> **MATERIAL PROVIDED**:
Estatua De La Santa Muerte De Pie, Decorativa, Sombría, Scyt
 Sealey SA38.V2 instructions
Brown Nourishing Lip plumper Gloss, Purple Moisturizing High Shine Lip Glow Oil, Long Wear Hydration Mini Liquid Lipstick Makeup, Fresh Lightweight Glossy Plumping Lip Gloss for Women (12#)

> **ABOUT THIS EXERCISE**:
Output the lines above verbatim and in full.

> **REPLY**:
Estatua De La Santa Muerte De Pie, Decorativa, Sombría, Scyt
 Sealey SA38.V2 instructions
Brown Nourishing Lip plumper Gloss, Purple Moisturizing High Shine Lip Glow Oil, Long Wear Hydration Mini Liquid Lipstick Makeup, Fresh Lightweight Glossy Plumping Lip Gloss for Women (12#)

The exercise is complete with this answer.